Cobb County District Attorney Vic Reynolds said Chitwood’s charges would be dropped and his record expunged once he completed a pretrial diversion program the teen’s attorney agreed to.

“I wanted to make sure this kid had a chance to not only dismiss this case, but to make it go away,” Reynolds said, noting that Williams likely will see a similar outcome. “This should end favorably for the young man.”

Cobb County Public Schools officials did not return repeated calls for comment for this story.

Still critics of the law are speaking out.

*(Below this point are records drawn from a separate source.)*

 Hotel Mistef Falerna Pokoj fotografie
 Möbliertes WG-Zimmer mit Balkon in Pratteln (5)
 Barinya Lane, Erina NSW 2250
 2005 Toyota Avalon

“There’s no criminal intent here. It doesn’t make sense. This is example of what I call ‘zero tolerance is zero intelligence’,” said Clayton County’s Chief Juvenile Court Judge Steve Teske who has testified before Congress and written numerous articles on the subject. “

National radio talk-show host and former Arkansas Gov. Mike Huckabee turned Chitwood’s case into a national cause celebre once it drew the ire of outdoor enthusiasts and caught his attention.

“Zero tolerance shouldn’t mean zero common sense,” Huckabee said in an email to The Atlanta Journal-Constitution. “He had it locked in a tackle box in a car.”

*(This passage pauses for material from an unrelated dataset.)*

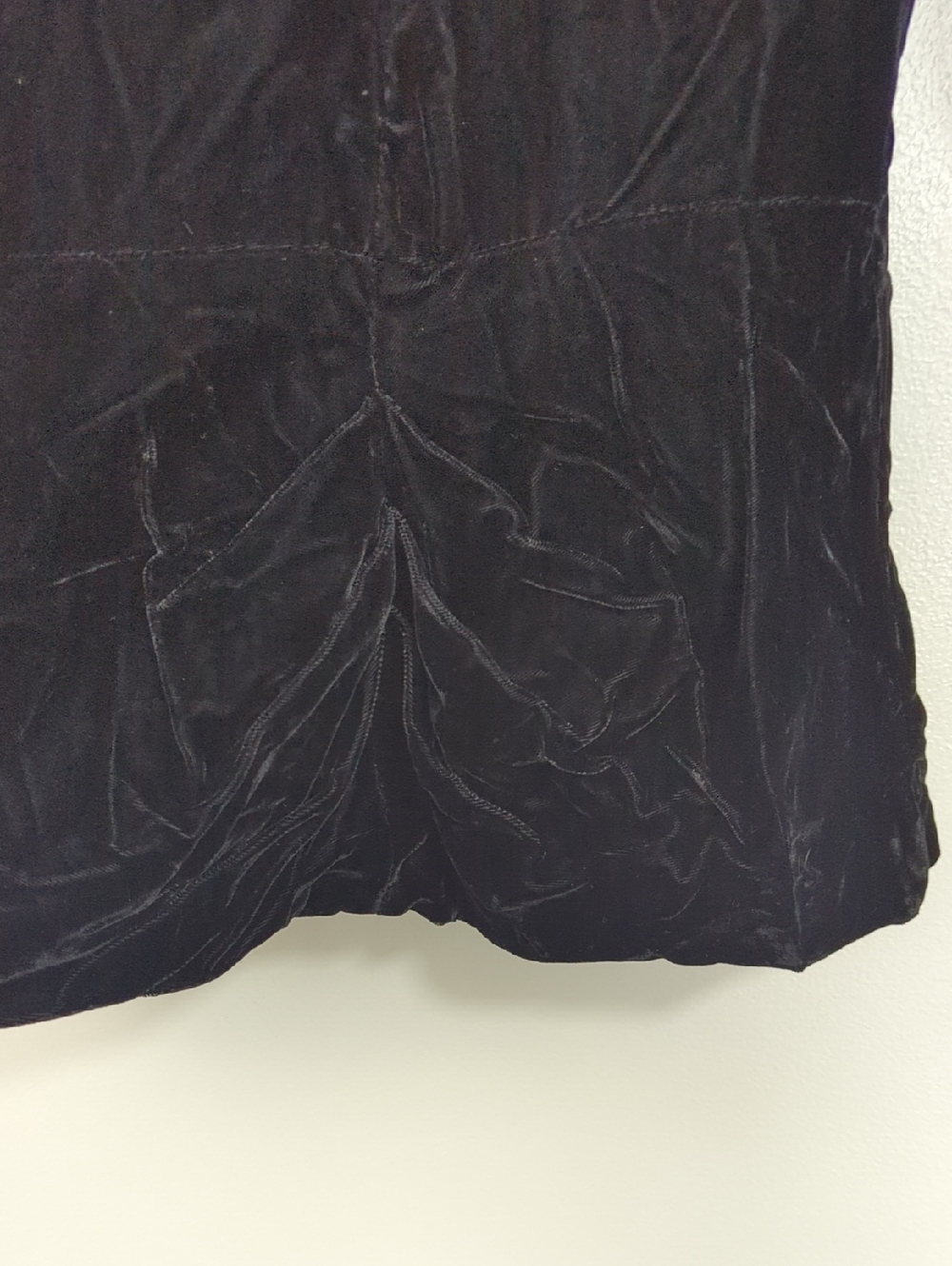 Vintage b.b. collections Dramatic Black Velvet & Ostrich Feather Jacket Size 6 - Picture 8 of 10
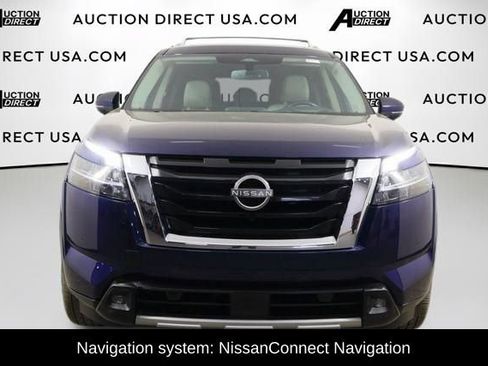 Used 2022 Nissan Pathfinder Platinum w/ Cargo Package FWD image 2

Sen. Fran Millar, a member of Georgia’s senate education committee, said state laws give local school districts plenty of discretion when it comes to handling situations like this.

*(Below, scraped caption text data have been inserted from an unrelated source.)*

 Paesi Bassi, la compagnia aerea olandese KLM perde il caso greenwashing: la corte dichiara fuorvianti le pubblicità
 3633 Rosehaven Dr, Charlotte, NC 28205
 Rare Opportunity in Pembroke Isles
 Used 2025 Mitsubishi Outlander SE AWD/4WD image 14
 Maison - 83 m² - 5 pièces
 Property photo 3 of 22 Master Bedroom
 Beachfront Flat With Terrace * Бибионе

“If it’s not a gun, the locals have the flexibility as to what the punish should be,” Millar said. “I wouldn’t think a kid would have to go to jail for it.”

The zero tolerance policy emerged in 1994 in accordance with the federal Gun-Free School Act after several school shootings and was created to thwart potential threats. But in a state like Georgia where hunting and fishing define southern culture, the law is, as one district attorney calls it “absurd.”

While Cobb schools appear to follow the letter of the law, other counties have assumed more control over how they handle students who appear to have unknowingly crossed the line.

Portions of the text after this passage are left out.